* Task directions: The required answer is an exact copy of the lines from the one containing "Apprenants et bénévoles" to the end of the listing, both included, without any pictures.

* Raw data:
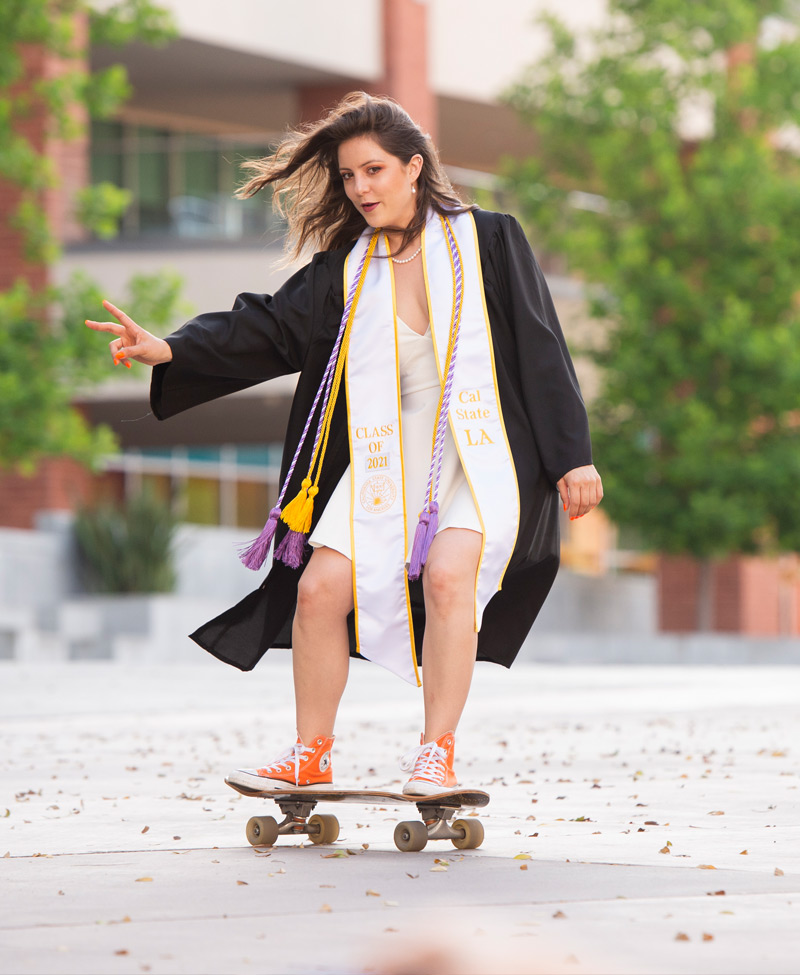 A graduate posing for a photo on a skateboard.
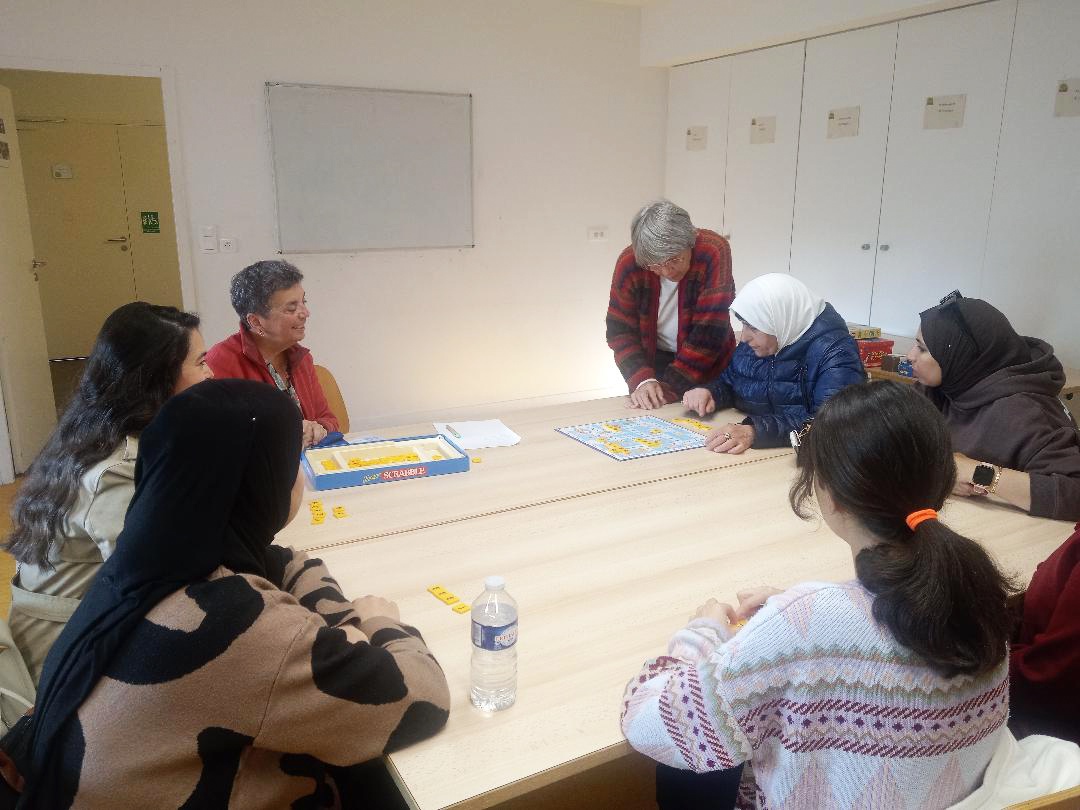 Apprenants et bénévoles autour d’un jeu de lettres.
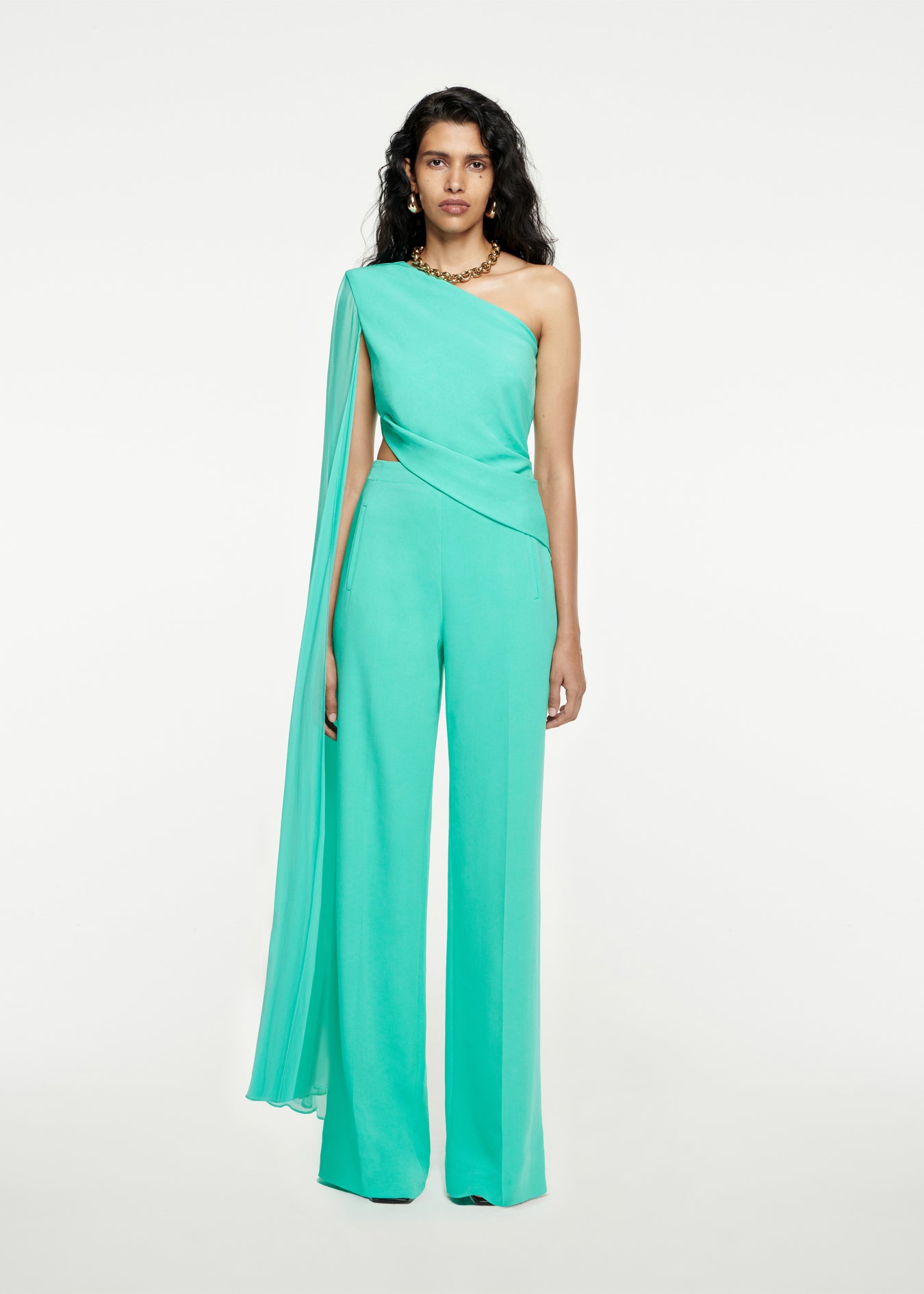 Woman wearing the Asymmetric Stretch-Cady Cape Jumpsuit in Turquoise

* Answer to the problem:
 Apprenants et bénévoles autour d’un jeu de lettres.
 Woman wearing the Asymmetric Stretch-Cady Cape Jumpsuit in Turquoise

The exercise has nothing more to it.